In about 10 days, members of the crypto community will witness the next Bitcoin BTC halving. This important event will result in the reward for mining a block being halved – from 6.25 to 3.125 BTC – which will have an impact on the profitability of miners.
Bitcoin miners face difficulties
According to a recent report by CryptoQuant, the hash price of miners has dropped by 30% over the past 4 years. Currently, this figure is estimated at $0.11 per terahash per second, but subject to stable market conditions, it could fall to $0.055 after halving.
“The hash price is the average profit that a miner receives for each attempt to find a valid block of Bitcoin,” explained CryptoQuant.
The volume of commissions on the BTC network has also dropped sharply. In mid-December 2023, it dropped from 412 to 29 bitcoins per day, which means a decrease of 90%. Currently, transaction fees are only 3% of the total block reward, which is significantly less than 37% in mid-December 2023.
Moreover, competition between miners has reached unprecedented levels. The Bitcoin network hashrate has risen to around 600 EH/s, up from 116 EH/s since the last halving. This jump means that miners now require significantly more effort and resources to mine the same amount of BTC.
In response to these problems, some miners began to actively sell off the mined coins.

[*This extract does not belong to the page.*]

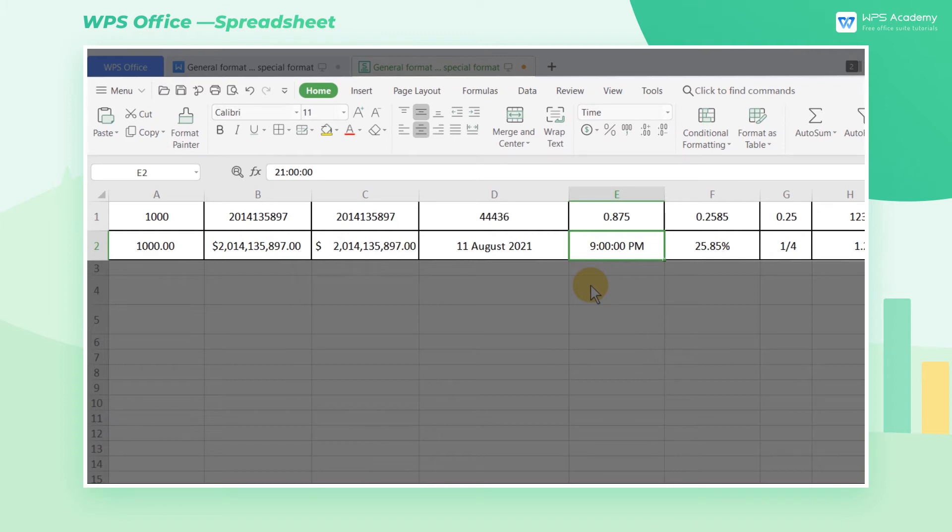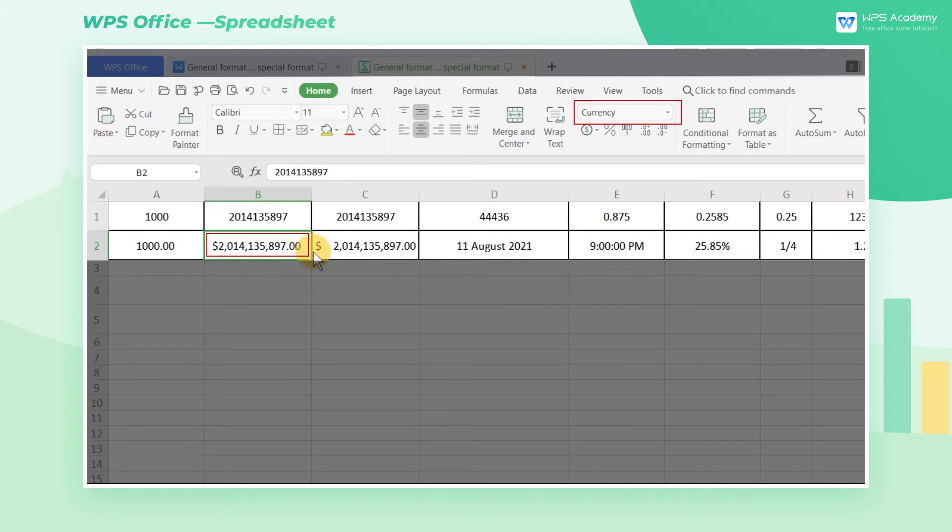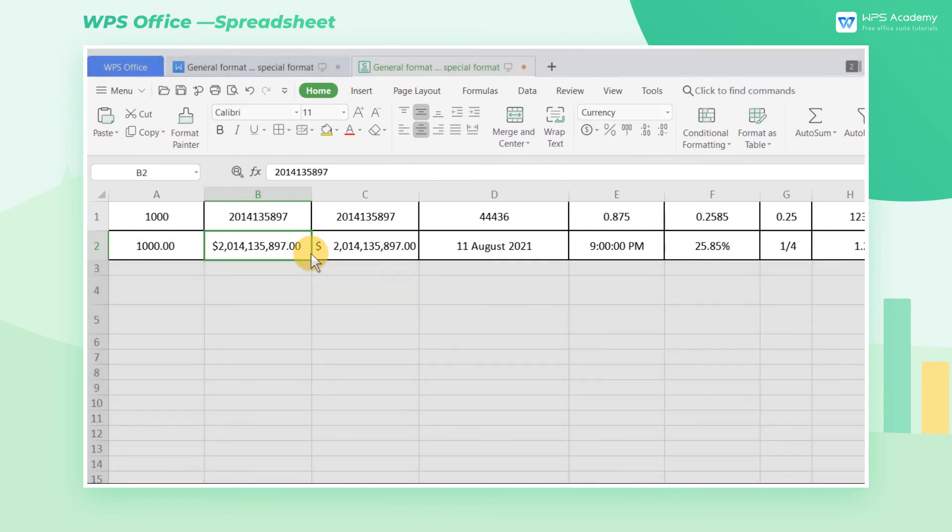The special formats don't simply express in numerical values. For instance, the percentage format will add a percent sign after the value, and the currency format will add a currency symbol before the value. This is the difference between the regular format and the special format.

Thus, at the end of March, daily sales on over-the-counter platforms reached 1,600 bitcoins, which was the highest figure since August 2023.
Some companies are successfully coping with problems
Despite the difficulties, some miners are still successfully staying afloat. While major players such as RIOT Platforms, Core Scientific, Bitfarms and Marathon Digital reported a decrease in production volumes, CleanSpark’s similar figure only increased. This difference highlights the different impact of market dynamics and operational challenges on mining companies.

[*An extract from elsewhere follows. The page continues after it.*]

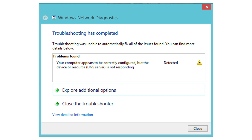Hey guys, welcome back. In this video we shall see how to fix this error: 'Your computer appears to be correctly configured, but the device or resource — that is a DNS server — is not responding.' This error message appears after running a network troubleshooter on any version of Windows starting from Windows 7.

However, Sheraz Ahmed, managing partner at Storm Partners, offers a different perspective. He argues that the mining industry does not need to prepare specifically for the halving as market forces will eventually stabilize the situation.

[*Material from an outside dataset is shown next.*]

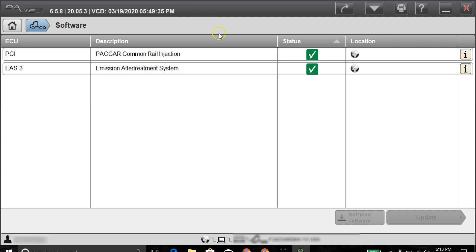And as we can see here, we've got the green checkmark in the status box here for the PCI and EAS. Everything was successfully updated and up to the current calibration as of today, March 19th.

“Miners are getting less Bitcoin for the same amount of mining, but the price needs to reflect this or the hashrate could level off, becoming a near-perfect market. Any discrepancy can be balanced. It’s like gold, so I don’t think you need to prepare for that any more than anything else,” he commented.
Past events surrounding the halving support Ahmed’s opinion. In 2024, the total daily revenue of the BTC mining industry reached new highs: a record $79 million on March 6 and $67 million currently. This is 3.5 times more than revenue before the 2020 event.